学習する組織

Learning Organization

学習する組織/ケース・スタディ

学習する組織は、ピーター・センゲが提唱して以来、数多くの企業、政府組織、非営利組織で実施され、組織・セクター横断のネットワーク組織でも展開されています。その中でも著名な事例を3つ紹介します。

1.フォード自動車 リンカーン・コンチネンタルの開発部門

開発の遅れが常態化していた開発会社の経営チームは、競合の進出により期日通りの上市が会社の命運を分ける事態に直面しました。MITと協力して3日間の「学習する組織」の研修実施後、ファシリテーターの助けを借りながら2週間に1度のチーム学習セッションを続けました。

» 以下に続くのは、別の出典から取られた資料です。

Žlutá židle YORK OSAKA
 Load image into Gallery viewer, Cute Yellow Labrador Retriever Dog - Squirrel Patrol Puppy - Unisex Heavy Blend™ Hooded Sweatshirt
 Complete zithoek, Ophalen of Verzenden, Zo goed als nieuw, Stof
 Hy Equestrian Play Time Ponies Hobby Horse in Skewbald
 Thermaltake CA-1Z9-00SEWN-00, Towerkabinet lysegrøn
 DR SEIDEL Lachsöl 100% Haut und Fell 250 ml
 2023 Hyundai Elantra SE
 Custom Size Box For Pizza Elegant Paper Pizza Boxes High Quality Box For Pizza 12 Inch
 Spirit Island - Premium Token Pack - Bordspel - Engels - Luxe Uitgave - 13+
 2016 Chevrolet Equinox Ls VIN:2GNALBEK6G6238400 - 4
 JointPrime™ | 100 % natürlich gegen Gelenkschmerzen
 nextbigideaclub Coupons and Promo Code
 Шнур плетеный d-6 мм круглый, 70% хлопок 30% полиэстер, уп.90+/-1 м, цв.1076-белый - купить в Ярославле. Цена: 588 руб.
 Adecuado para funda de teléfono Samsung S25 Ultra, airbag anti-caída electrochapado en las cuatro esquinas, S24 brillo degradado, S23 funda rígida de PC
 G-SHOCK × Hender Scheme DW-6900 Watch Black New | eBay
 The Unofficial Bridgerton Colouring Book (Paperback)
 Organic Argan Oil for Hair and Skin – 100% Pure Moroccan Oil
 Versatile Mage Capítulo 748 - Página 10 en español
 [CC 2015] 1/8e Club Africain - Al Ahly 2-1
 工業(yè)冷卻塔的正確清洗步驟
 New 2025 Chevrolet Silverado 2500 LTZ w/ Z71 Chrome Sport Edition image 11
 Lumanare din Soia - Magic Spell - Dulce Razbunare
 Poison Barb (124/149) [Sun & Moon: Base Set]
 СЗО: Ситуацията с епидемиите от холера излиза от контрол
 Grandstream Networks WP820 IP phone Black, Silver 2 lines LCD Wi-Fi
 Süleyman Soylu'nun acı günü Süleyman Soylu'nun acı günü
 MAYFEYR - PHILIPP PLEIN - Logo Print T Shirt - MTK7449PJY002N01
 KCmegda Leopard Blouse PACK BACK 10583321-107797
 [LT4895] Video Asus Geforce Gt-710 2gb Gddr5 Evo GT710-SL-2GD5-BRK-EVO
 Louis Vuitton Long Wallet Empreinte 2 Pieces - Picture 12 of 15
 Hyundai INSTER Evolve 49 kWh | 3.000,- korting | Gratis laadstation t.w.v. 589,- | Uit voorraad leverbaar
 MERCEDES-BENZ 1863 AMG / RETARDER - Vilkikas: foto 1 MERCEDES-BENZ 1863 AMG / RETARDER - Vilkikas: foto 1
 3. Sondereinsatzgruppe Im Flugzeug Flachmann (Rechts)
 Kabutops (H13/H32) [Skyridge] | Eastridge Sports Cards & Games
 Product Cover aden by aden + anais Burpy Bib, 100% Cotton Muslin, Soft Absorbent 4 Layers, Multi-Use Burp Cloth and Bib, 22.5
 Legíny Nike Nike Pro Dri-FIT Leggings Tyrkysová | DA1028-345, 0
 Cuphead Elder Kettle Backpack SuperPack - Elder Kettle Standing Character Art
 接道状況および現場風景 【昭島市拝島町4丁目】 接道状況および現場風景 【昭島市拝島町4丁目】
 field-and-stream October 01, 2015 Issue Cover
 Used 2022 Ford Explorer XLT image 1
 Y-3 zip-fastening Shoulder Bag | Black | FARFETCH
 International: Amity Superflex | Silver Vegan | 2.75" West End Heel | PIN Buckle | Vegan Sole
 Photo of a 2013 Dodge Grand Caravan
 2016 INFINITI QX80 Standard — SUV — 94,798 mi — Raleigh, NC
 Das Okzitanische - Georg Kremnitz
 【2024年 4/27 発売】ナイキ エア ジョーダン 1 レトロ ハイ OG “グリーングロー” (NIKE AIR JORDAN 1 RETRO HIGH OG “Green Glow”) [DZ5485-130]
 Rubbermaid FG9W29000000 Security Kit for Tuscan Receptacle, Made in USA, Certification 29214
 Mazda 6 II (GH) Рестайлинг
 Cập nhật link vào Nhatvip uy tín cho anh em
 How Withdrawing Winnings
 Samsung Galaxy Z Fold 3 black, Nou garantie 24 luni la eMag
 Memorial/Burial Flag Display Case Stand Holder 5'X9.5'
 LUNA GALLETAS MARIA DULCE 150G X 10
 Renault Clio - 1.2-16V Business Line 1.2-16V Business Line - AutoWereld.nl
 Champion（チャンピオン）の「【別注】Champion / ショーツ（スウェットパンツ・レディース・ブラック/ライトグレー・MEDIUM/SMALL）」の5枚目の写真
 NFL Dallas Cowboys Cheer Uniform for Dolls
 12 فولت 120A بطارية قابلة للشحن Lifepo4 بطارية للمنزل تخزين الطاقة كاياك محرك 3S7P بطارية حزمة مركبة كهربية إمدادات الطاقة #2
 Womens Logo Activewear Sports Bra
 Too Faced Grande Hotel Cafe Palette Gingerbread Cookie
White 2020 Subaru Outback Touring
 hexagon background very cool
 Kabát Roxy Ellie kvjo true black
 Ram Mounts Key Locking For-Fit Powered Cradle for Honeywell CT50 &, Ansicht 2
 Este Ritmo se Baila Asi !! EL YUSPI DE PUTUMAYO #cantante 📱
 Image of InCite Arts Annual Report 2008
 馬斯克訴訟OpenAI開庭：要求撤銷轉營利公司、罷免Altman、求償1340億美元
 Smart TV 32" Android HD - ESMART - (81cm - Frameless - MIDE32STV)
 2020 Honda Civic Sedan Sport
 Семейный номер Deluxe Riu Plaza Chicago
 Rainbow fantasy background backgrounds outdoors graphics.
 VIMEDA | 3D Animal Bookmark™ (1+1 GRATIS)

当初、経営チームのマネージャー同士で激しくぶつかる場面などもありましたが、本音で腹を割って話す風土が徐々に培われます。またシステム思考のツールであるループ図を駆使して、開発の遅れの原因について探求しました。レバレッジ・ポイントを見出した経営チームは、学習成果を方針や作業手順の変更に反映し、さまざまな現場の創造的な取り組みを奨励したのでした。

その結果、開発は順調に進み、予定よりも早く完成して、デザインや品質面でも高い成果を残しました。開発経費の節減額も80億円に及んでいます。

詳しく知りたい方はこちらをお読みください。
学習する組織入門(8) 「学習する組織の実践事例(1)」

2.ユナイテッド・テクノロジー社

部品メーカーにとって、デザインや製造を見立てていかに早く正確に価格見積もりを出すかは重要な受注の要因です。ユナイテッド・テクノロジー社(UTC)は50日間かかっていたところ、わずか17日間で見積もりを行う競合が現れました。顧客を失いかねない危機に、外部コンサルタントに依頼をしてビジネス・プロセス・リエンジニアリングに取り組んだ同社ですが、結果はかえって見積期間が延びてしまうというさんざんな結果に終わりました。

あらためて、自分たちの能力を最大限発揮するしかないと考えたUTCは学習する組織のファシリテーターに依頼します。ファシリテーターは、チーム学習を通じて、見積もり期間がなぜ長いのかについて、システム思考の「視点レベルの氷山モデル」を活用した「ビジョン展開マトリックス」を駆使して、構造的な原因と自分たちのメンタルモデルを省察します。

チームは「10日間達成か、倒産か」という決意でチームが一丸となって見積期間の削減に臨み、構造変革とそれを効果的にするメンタルモデルの変容を図りつつ、チーム学習から革新的な方法を見出していきます。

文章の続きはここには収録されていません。